So, all that, together with the London Honey Festival (we won no prizes), is why I didn’t find time to write much in August.

An Early Harvest Festival

September is the month that beekeeping really turns from a quietly antisocial hobby into a social maelstrom of gladhanded cheeriness and cut-throat competition. It’s the month when all the local end-of-summer shows and events seem to happen, including the Thames Festival, the Bromley and Orpington Honey Show (we forgot to enter) and, closer to home,  a series of cookery demonstrations, plant sales and workshops at the Community Greenhouses. And it’s not just beekeepers who have to travel. You might have seen some of our bees at the Bermondsey Street Festival, for example, and they don’t always go quietly.

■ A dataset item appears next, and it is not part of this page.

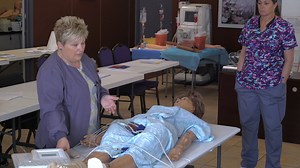 Electrocardiogram-ECG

Even October is relatively packed with tempting events that add to the pressure on time and the number of chores. We failed miserably to enter the Brockwell honey for the London Honey Show on account of misreading the form, and we’ve missed the deadline for the National Honey Show at the end of October. Our excuse for that is that the honey is beginning to crystallize already, so we can’t tell if we should be entering it as ‘clear’ or ‘set’. It’s not a very good excuse, but I can’t think of anything better (except for the excuse we’ve got for not entering the cake. Very tasty it was). We’re also having to prepare more sugar syrup than ever – we usually use this just to feed the smaller, weaker colonies that haven’t managed to store enough honey to meet their own needs, but this year we’ve heard that even large colonies have been starving. For some reason, colonies didn’t bring in much nectar in September, so we’re helping them make up the difference.

But, if I’m honest, my only excuse is that, although preparing sugar syrup isn’t a very exciting pastime, it is more urgent, and apparently more fun, than cobbling together a blog.